UseQwen-7B-Chat-Int4works properly, UseQwen-14B-Chat-Int4error:

INFO 02-01 01:41:59 api_server.py:727] args: Namespace(host=None, port=8000, allow_credentials=False, allowed_origins=['*'], allowed_methods=['*'], allowed_headers=['*'], served_model_name=None, chat_template=None, response_role='assistant', ssl_keyfile=None, ssl_certfile=None, model='qwen', tokenizer=None, revision=None, tokenizer_revision=None, tokenizer_mode='auto', trust_remote_code=True, download_dir=None, load_format='auto', dtype='auto', max_model_len=None, worker_use_ray=False, pipeline_parallel_size=1, tensor_parallel_size=2, max_parallel_loading_workers=None, block_size=16, seed=0, swap_space=4, gpu_memory_utilization=0.9, max_num_batched_tokens=None, max_num_seqs=256, max_paddings=256, disable_log_stats=False, quantization='gptq', enforce_eager=False, max_context_len_to_capture=8192, engine_use_ray=False, disable_log_requests=False, max_log_len=None)
WARNING 02-01 01:41:59 config.py:175] gptq quantization is not fully optimized yet. The speed can be slower than non-quantized models.
2024-02-01 01:42:02,376 INFO worker.py:1724 -- Started a local Ray instance.
INFO 02-01 01:42:04 llm_engine.py:70] Initializing an LLM engine with config: model='qwen', tokenizer='qwen', tokenizer_mode=auto, revision=None, tokenizer_revision=None, trust_remote_code=True, dtype=torch.float16, max_seq_len=2048, download_dir=None, load_format=auto, tensor_parallel_size=2, quantization=gptq, enforce_eager=False, seed=0)
WARNING 02-01 01:42:05 tokenizer.py:62] Using a slow tokenizer. This might cause a significant slowdown. Consider using a fast tokenizer instead.
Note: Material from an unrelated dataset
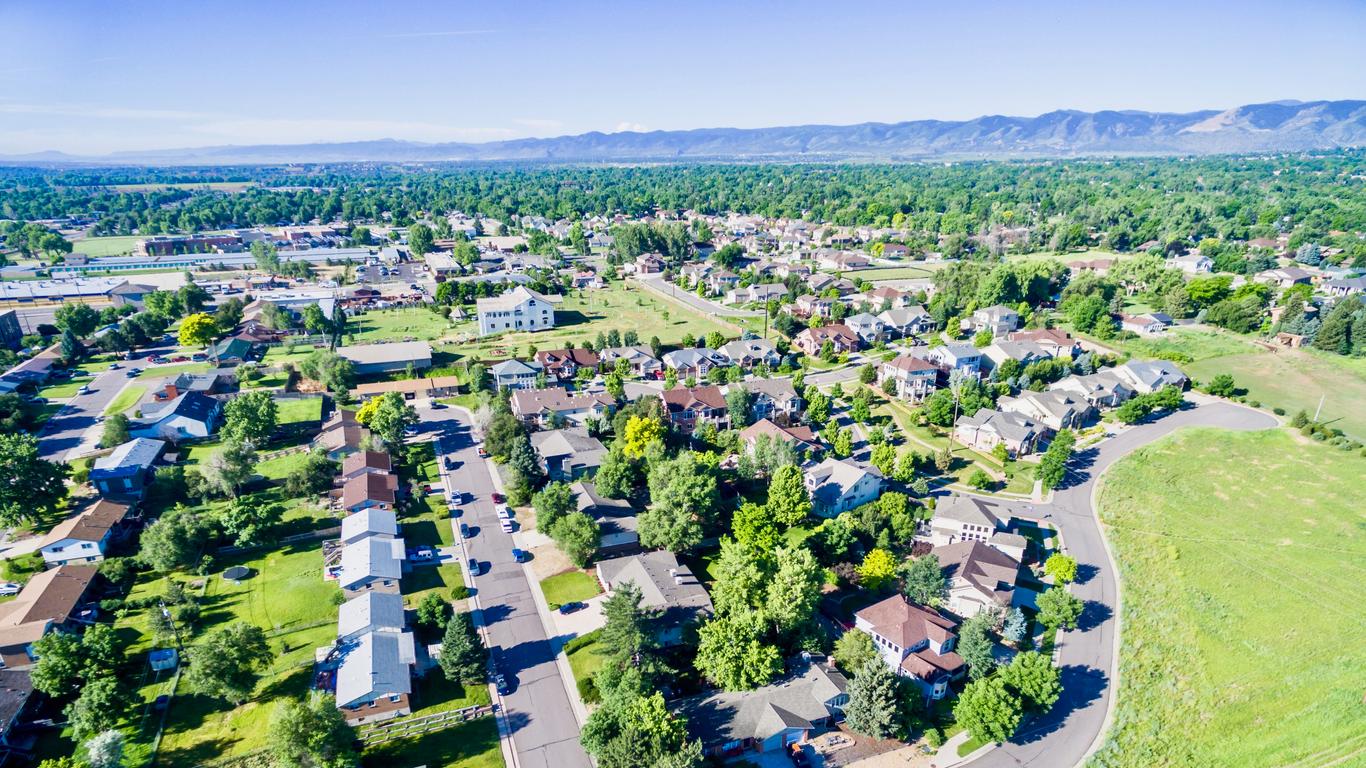 Snow-capped rooftops in Lakewood, CO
Traceback (most recent call last):
File "/usr/lib/python3.10/runpy.py", line 196, in _run_module_as_main
return _run_code(code, main_globals, None,
File "/usr/lib/python3.10/runpy.py", line 86, in _run_code
exec(code, run_globals)
File "/workspace/vllm/entrypoints/openai/api_server.py", line 737, in <module>
engine = AsyncLLMEngine.from_engine_args(engine_args)
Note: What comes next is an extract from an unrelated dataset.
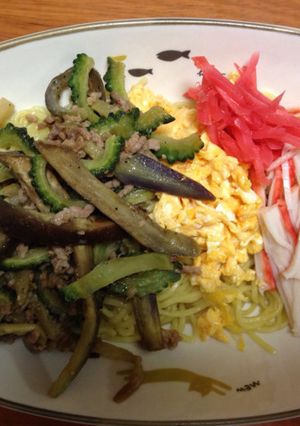 ゴーヤとなす炒めのっけ盛り麺-レシピのメイン写真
File "/workspace/vllm/engine/async_llm_engine.py", line 500, in from_engine_args
engine = cls(parallel_config.worker_use_ray,
File "/workspace/vllm/engine/async_llm_engine.py", line 273, in __init__
self.engine = self._init_engine(*args, **kwargs)
File "/workspace/vllm/engine/async_llm_engine.py", line 318, in _init_engine
return engine_class(*args, **kwargs)
File "/workspace/vllm/engine/llm_engine.py", line 109, in __init__
self._init_workers_ray(placement_group)
File "/workspace/vllm/engine/llm_engine.py", line 249, in _init_workers_ray
self._run_workers(
File "/workspace/vllm/engine/llm_engine.py", line 795, in _run_workers
driver_worker_output = getattr(self.driver_worker,
File "/workspace/vllm/worker/worker.py", line 81, in load_model
self.model_runner.load_model()
File "/workspace/vllm/worker/model_runner.py", line 64, in load_model
self.model = get_model(self.model_config)
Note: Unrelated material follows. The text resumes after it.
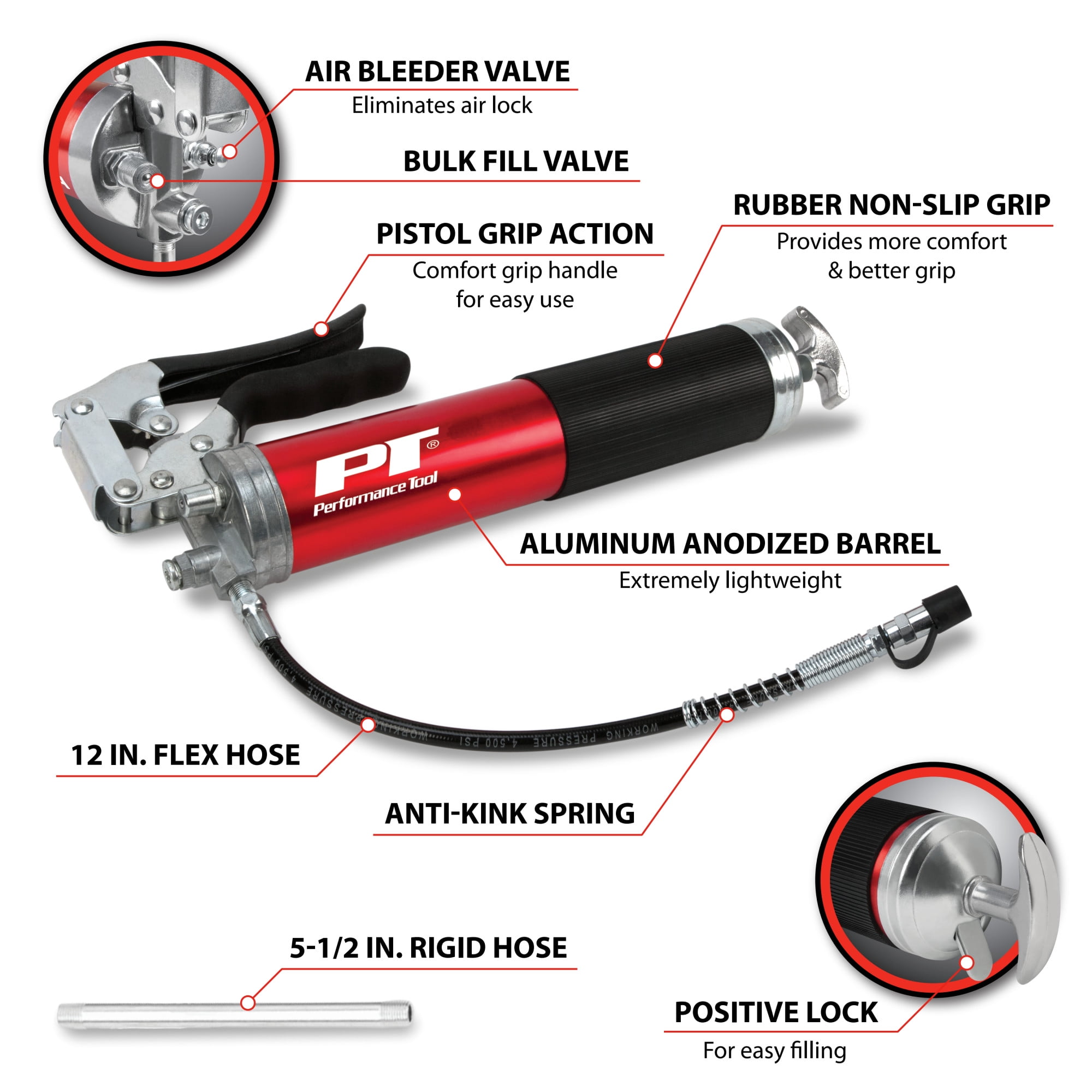 Performance Tool W54291 Lightweight Pistol Grip Grease Gun with Anodized Aluminum Barrel, T-Handle, and 4-Jaw Coupler, Accepts 14 oz Cartridges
File "/workspace/vllm/model_executor/model_loader.py", line 65, in get_model
model = model_class(model_config.hf_config, linear_method)
File "/workspace/vllm/model_executor/models/qwen.py", line 231, in __init__
self.transformer = QWenModel(config, linear_method)
File "/workspace/vllm/model_executor/models/qwen.py", line 193, in __init__
self.h = nn.ModuleList([
File "/workspace/vllm/model_executor/models/qwen.py", line 194, in <listcomp>
QWenBlock(config, linear_method)
File "/workspace/vllm/model_executor/models/qwen.py", line 147, in __init__
self.mlp = QWenMLP(config.hidden_size,
File "/workspace/vllm/model_executor/models/qwen.py", line 49, in __init__
self.c_proj = RowParallelLinear(intermediate_size,
File "/workspace/vllm/model_executor/layers/linear.py", line 495, in __init__
self.linear_weights = self.linear_method.create_weights(
File "/workspace/vllm/model_executor/layers/quantization/gptq.py", line 100, in create_weights
raise ValueError(
ValueError: The input size is not aligned with the quantized weight shape. This can be caused by too large tensor parallel size.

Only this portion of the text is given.